The second involves a more aggressive move. Either a massive split into three or four separate companies, or a spinoff/sale of Healthcare or Aviation. After all, those are the businesses with real value. But the pension, in particular, creates a significant complication. Losing one of the two good businesses — even assuming that some level of debt and pension expense go out the door as well — puts a lot of pressure on the smaller GE to cover those obligations.
Assume, for instance, that GE could get $100 billion, in cash, for the Aviation business. That sounds like a great deal given that the figure is about three-quarters of the current market cap. GE could clear its balance sheet and its pension liability in one fell swoop. But what’s left is a company still worth about $130 billion – with only about $12 billion in EBITDA. That in turn, given around $3 billion in capex is expected in 2019, suggests something like $5 billion-$6 billion in free cash flow after taxes — a multiple over 20x for a GE that still has struggling businesses in Power and Transportation.
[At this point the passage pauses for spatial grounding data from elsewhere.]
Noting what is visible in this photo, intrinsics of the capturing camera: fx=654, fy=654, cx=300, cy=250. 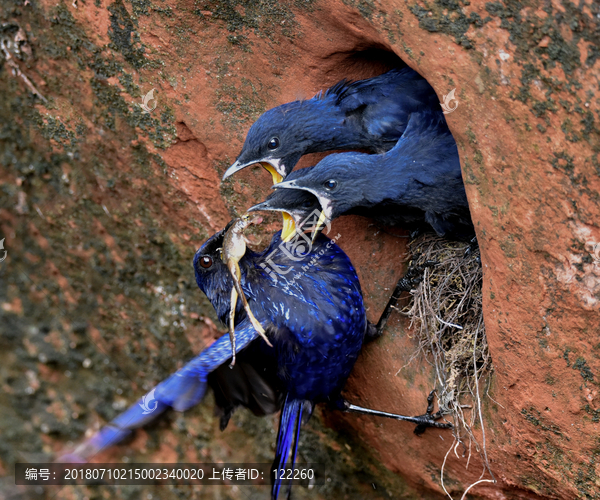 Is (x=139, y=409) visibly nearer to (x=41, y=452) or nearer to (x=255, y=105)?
(x=255, y=105)

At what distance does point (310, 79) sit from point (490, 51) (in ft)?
3.42

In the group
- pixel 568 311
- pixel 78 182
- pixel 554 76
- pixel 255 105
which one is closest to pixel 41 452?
pixel 78 182

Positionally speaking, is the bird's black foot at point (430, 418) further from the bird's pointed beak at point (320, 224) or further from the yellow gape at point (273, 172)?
the yellow gape at point (273, 172)

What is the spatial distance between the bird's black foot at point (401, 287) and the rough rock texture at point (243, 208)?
0.05 meters

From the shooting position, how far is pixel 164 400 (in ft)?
8.07

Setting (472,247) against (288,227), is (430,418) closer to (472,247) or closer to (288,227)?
(472,247)

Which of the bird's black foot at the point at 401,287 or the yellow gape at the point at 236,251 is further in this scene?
the bird's black foot at the point at 401,287

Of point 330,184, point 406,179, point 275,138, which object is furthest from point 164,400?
point 406,179

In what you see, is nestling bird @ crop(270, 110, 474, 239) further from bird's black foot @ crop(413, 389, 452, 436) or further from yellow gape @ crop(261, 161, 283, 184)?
bird's black foot @ crop(413, 389, 452, 436)

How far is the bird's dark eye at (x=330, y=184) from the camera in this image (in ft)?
8.48

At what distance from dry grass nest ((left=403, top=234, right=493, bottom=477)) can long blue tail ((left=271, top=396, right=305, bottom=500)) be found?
0.60m

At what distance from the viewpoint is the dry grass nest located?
272 centimetres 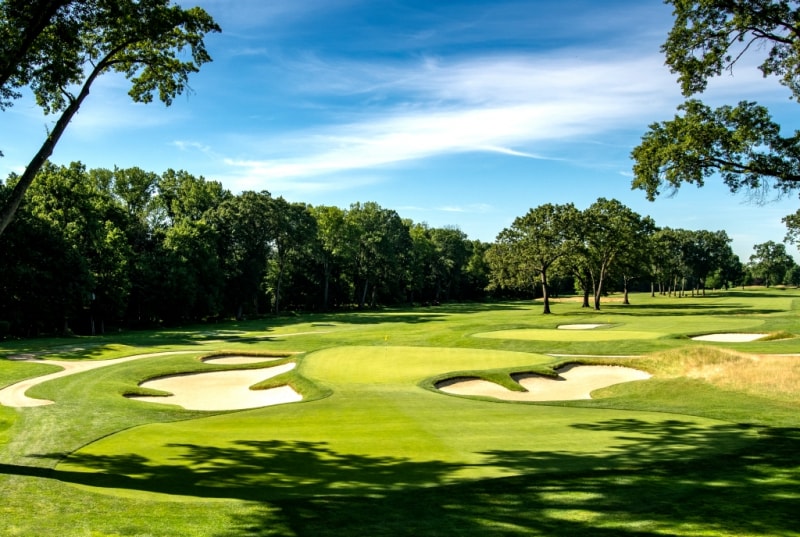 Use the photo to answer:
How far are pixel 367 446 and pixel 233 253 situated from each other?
65486 millimetres

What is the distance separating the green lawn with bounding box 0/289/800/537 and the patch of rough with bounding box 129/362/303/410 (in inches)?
45.5

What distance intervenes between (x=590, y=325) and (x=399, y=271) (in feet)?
170

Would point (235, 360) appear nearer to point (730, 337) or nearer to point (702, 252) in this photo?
point (730, 337)

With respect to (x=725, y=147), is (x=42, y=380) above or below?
below

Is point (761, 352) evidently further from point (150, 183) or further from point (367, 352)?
point (150, 183)

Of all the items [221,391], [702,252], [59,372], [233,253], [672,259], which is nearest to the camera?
[221,391]

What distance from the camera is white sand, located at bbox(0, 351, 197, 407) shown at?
1847 cm

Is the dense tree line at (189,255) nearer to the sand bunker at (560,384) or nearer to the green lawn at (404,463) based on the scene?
the green lawn at (404,463)

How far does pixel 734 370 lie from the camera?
837 inches

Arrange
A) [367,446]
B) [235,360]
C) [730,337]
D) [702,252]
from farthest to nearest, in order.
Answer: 1. [702,252]
2. [730,337]
3. [235,360]
4. [367,446]

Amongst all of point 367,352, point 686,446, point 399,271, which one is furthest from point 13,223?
point 399,271

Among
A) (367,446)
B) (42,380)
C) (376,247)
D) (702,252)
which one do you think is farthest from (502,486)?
(702,252)

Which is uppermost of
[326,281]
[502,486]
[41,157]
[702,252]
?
[702,252]

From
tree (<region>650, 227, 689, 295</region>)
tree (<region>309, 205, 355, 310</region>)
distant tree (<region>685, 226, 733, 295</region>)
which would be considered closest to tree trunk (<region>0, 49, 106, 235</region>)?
tree (<region>309, 205, 355, 310</region>) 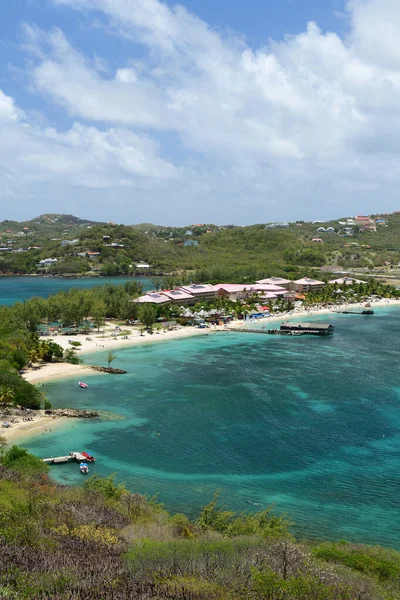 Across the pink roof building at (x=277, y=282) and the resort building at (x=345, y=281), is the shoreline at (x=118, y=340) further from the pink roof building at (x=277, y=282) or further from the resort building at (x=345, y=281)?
the pink roof building at (x=277, y=282)

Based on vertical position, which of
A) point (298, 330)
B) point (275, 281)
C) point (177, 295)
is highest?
point (275, 281)

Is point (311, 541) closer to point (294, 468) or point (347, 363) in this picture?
point (294, 468)

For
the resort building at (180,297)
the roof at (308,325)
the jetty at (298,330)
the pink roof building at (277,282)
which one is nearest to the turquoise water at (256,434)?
the jetty at (298,330)

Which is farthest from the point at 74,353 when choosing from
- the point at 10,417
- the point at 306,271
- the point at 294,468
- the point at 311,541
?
the point at 306,271

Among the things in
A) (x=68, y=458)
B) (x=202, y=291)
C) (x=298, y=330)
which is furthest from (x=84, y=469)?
(x=202, y=291)

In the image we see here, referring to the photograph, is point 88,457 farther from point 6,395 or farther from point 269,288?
point 269,288

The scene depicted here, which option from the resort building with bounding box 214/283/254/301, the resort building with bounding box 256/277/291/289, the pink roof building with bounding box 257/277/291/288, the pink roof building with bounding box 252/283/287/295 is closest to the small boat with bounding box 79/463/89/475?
the resort building with bounding box 214/283/254/301

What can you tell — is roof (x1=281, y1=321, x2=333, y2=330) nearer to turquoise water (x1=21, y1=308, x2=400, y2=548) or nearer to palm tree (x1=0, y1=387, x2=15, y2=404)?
turquoise water (x1=21, y1=308, x2=400, y2=548) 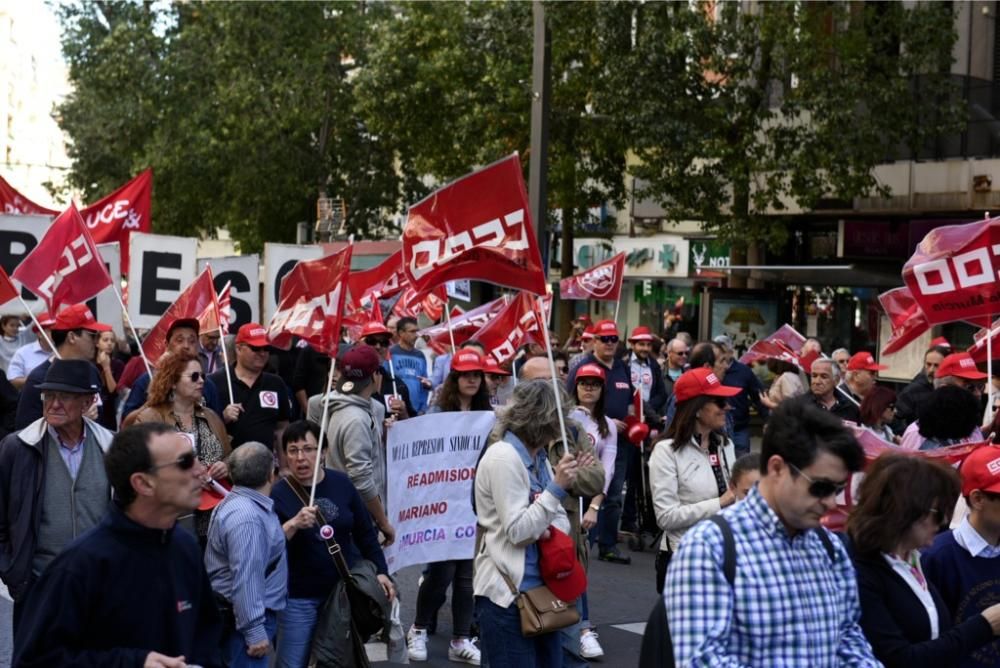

There’s also the question of how much tax GE might have to pay in such a move. Note that it booked a $1.9 billion gain on its $3.1 billion sale of the water business — and those gains are taxable. Depending on how the various businesses are carried on the books, a sale of a performing unit could incur substantial tax liabilities and on its own destroy much, if not all, of the value it’s supposed to create.
A Breakup Doesn’t Fix GE Stock
The problem for GE stock, in a nutshell, is that it can’t sell its good businesses, and its bad businesses don’t make enough of a difference. The only way out is for its bad businesses — specifically Power and Transportation — to improve.
In other words, GE is going to have be a turnaround play. Flannery can make some moves around the edges to help on that front. Divesting Transportation may make sense, instead of throwing good money after bad. An exit from BHGE, if the company can find a way, could bring in cash that would clean up the balance sheet. But the idea that there’s a path to major upside is far too optimistic. It’s very difficult to argue that GE stock is worth $20 in a breakup scenario — and that’s ignoring the difficulty of such an endeavor and the potential tax complications.
Of course, it’s hard to argue that GE, as a standalone, is worth $20. The stock trades at almost 15x the midpoint of 2018 EPS guidance, which analysts don’t even trust. (Guidance is at 94 cents, against the range of $1-$1.07.) More to the point, given the questions surrounding GE Capital and its accounting, it trades at 20x free cash flow.
That’s a big multiple. It’s a multiple that suggests GE will get back to being what it was. And that in turn requires that the lagging businesses stop being drags — and start providing growth. That’s the only way out for General Electric. Its businesses have to get better — unless it can find someone willing to pay an enormous premium to try and fix them.
That seems like an awful lot to ask.
As of this writing, Vince Martin has no positions in any securities mentioned.